===== Extracted data =====

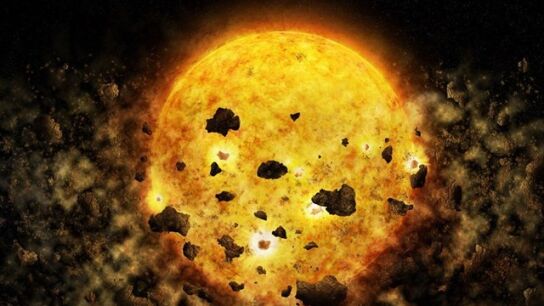 Recreaci&oacute;n art&iacute;stica de la destrucci&oacute;n de un planeta por parte de una estrella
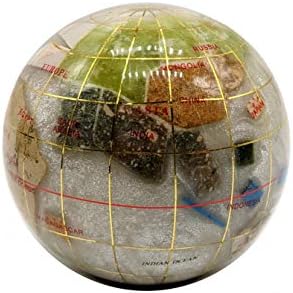 Unique Art 3-Inch Pink Pearl Swirl Ocean Gemstone World Globe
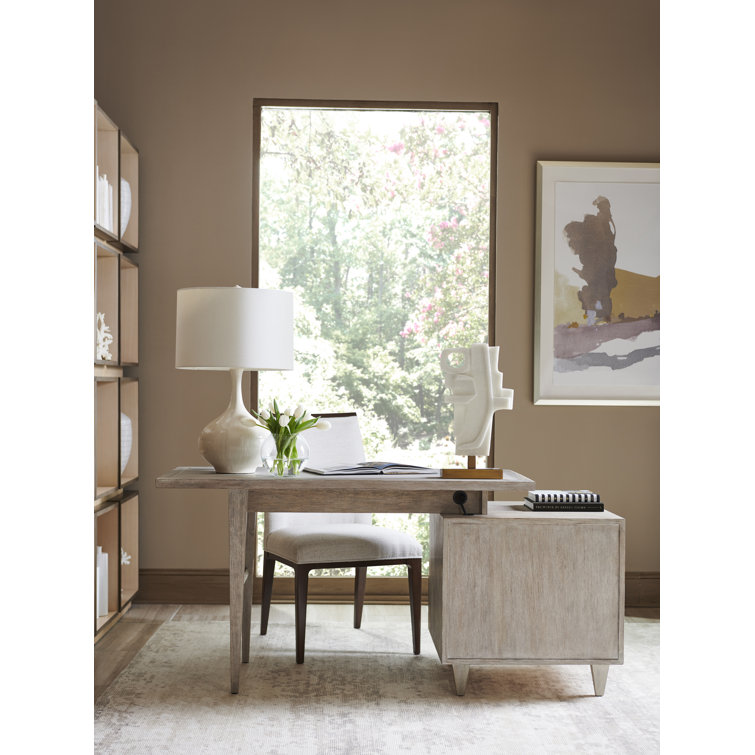 Light Gray Oak Home Office Desk with Filing Cabinet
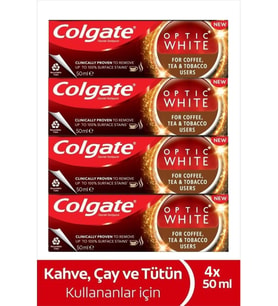 Colgate Optic White Kahve, Çay ve Tütün Kullanıcıları Için Diş Macunu 50 ml X4 Adet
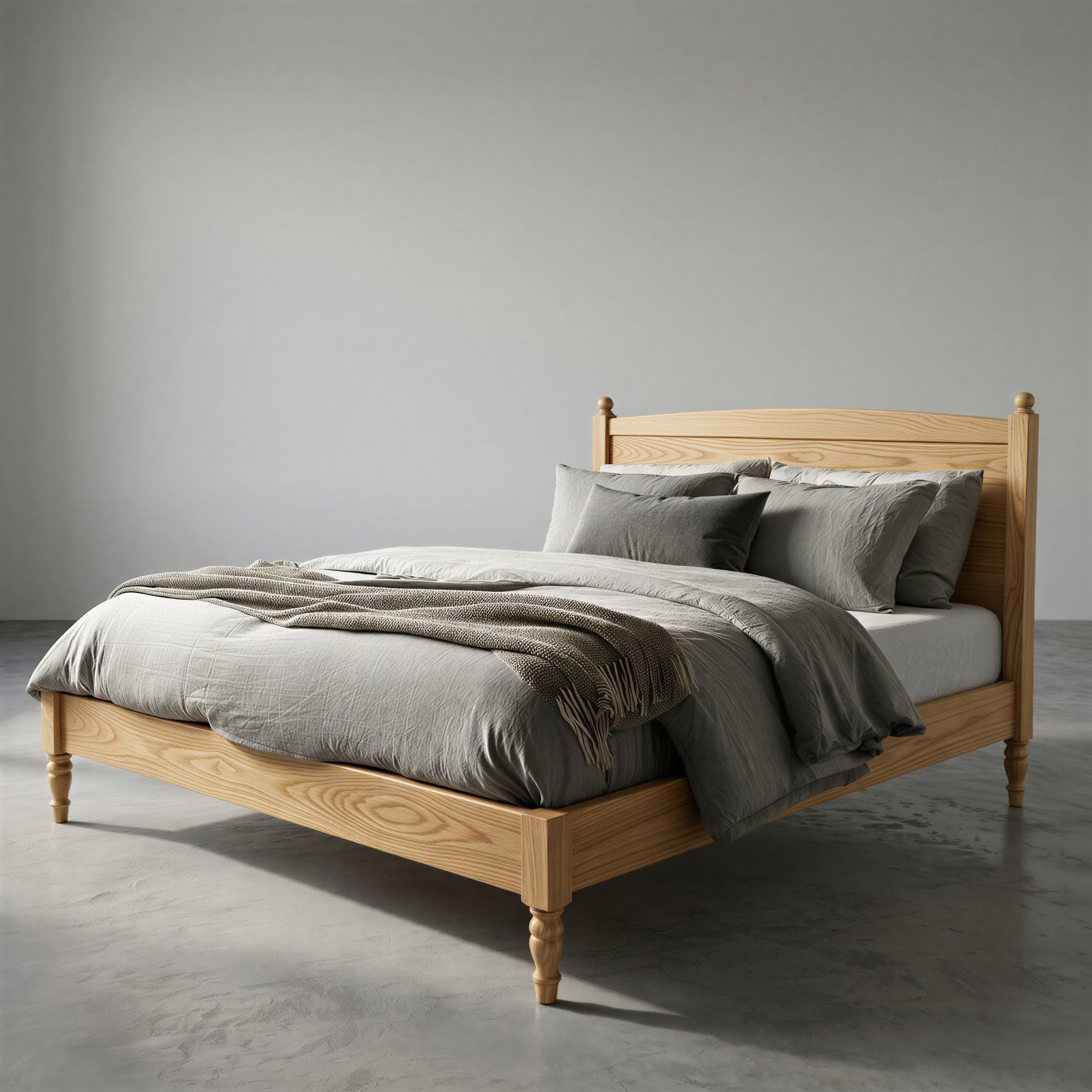 The Oliver Walnut Bed Frame – Handcrafted Solid Wood Bed with Timeless Design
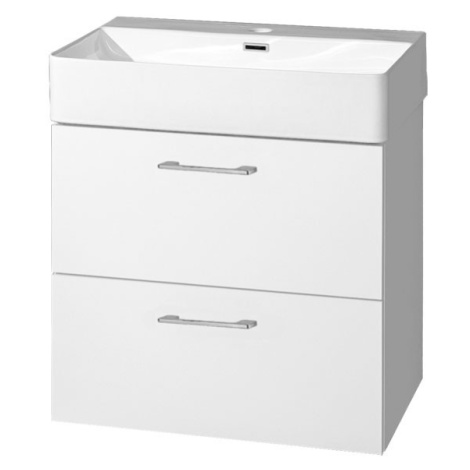 Mereo Leny, koupelnová skříňka s keramickým umyvadlem 60 cm, bíla, nové madlo CN811N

=====

▸ The problem
From first line to last, return the records verbatim without their pictures.

▸ Worked solution
 Recreaci&oacute;n art&iacute;stica de la destrucci&oacute;n de un planeta por parte de una estrella
 Unique Art 3-Inch Pink Pearl Swirl Ocean Gemstone World Globe
 Light Gray Oak Home Office Desk with Filing Cabinet
 Colgate Optic White Kahve, Çay ve Tütün Kullanıcıları Için Diş Macunu 50 ml X4 Adet
 The Oliver Walnut Bed Frame – Handcrafted Solid Wood Bed with Timeless Design
 Mereo Leny, koupelnová skříňka s keramickým umyvadlem 60 cm, bíla, nové madlo CN811N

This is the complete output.